Stem cells have been a highly visible symbol of the work being done in the life sciences over the past decade. Often lumped into a single category, there are actually many ways to categorize stem cells, one of the ways to categorize them is by the origin of the cells, embryonic stem cells (ESC) vs. induced pluripotent stem cells (iPSC). iPSCs avoid some of the more controversial issues surrounding stem cells, but there remains a debate about the differences and similarities between the two different ways to produce stem cells. (Something that I have wondered about iPSCs is how telomeres are affected, and then I came across these papers in PLoS ONE[1] and Cell Stem Cell[2] that showed telomeres revert to something close to what is found in ESCs.)

While stem cells potential impact on human health is immense, it remains just that: potential. However, slowly (it seems) but surely, stem cells are making the transition from being used only in very fundamental research to being a commercialized technology. Just a few days ago, the FDA ruled that the first clinical trial using ESCs can proceed; it had been on hold since the trial had a few setbacks last year[3].

Besides being used as therapies, stem cells can be used as tools to aid the development of other therapeutics.

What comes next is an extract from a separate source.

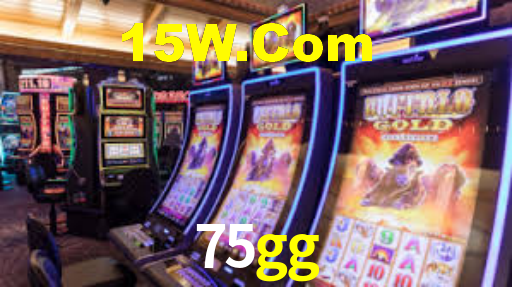 75gg,75gg.com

It has been well documented that the increases in pharma R&D has not translated to a corresponding increase in successful drug approvals, but perhaps as in vitro models are improved and more broadly utilized; a new wave of R&D productivity will be upon us. A company that thinks iPSCs can help usher in a new era of disease modeling is iPierian, whose technology is interesting because it draws on what some see as a drawback, the “memory” of iPSCs, and allows researchers to know the phenotype that is associated with these cells[4].

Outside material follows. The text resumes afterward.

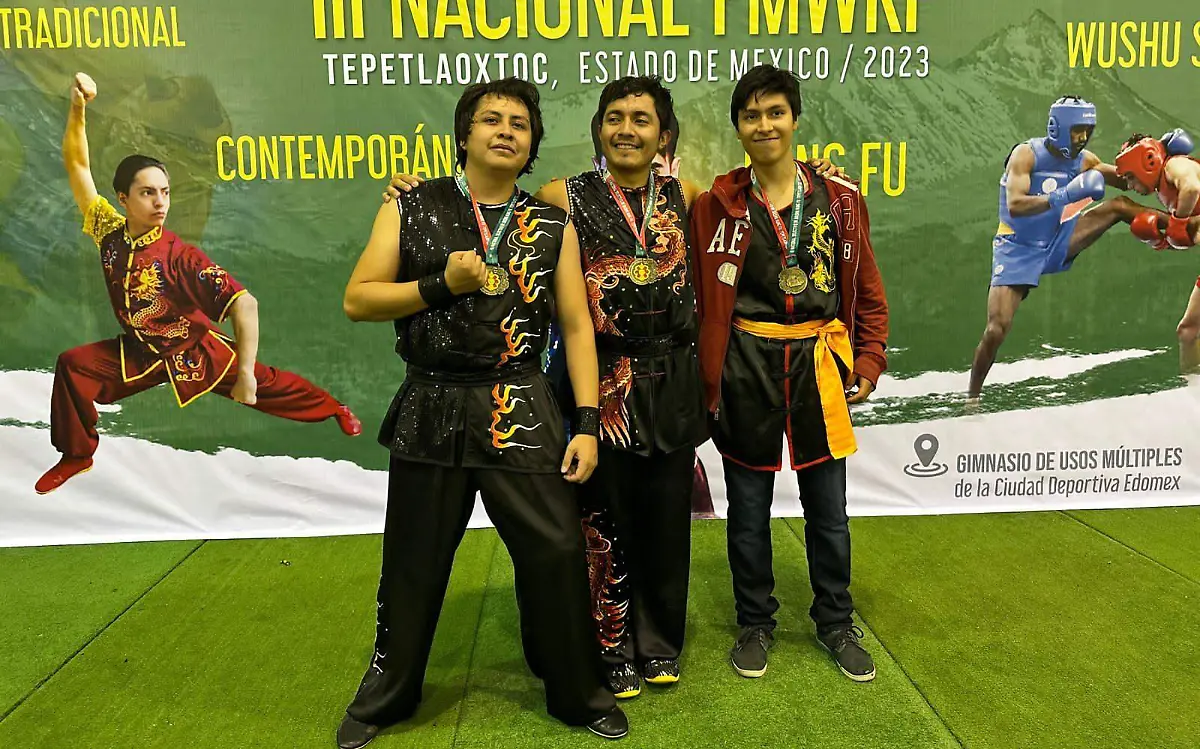 DEP01-IJGR-WUSHU MEDALLAS-02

As stem cells of all types move forward in the commercialization cycle, it’s important that they become a more robust, pathogen-free, consistent product. The methods currently used to cultivate stem cells (feeder cells, FBS supplementation) do not help meet these goals. A tool that has been used to help reduce some drawbacks in stem cell culture is human serum albumin[5]. Recombinant albumin could allow researchers to replace blood-derived albumin with a consistent, recombinant, animal-free option when designing stem cell cultivation techniques. It will be interesting to see how the cultivation of stem cells evolves, and to see if it will follow a similar path that cell culture for biotherapeutic production took.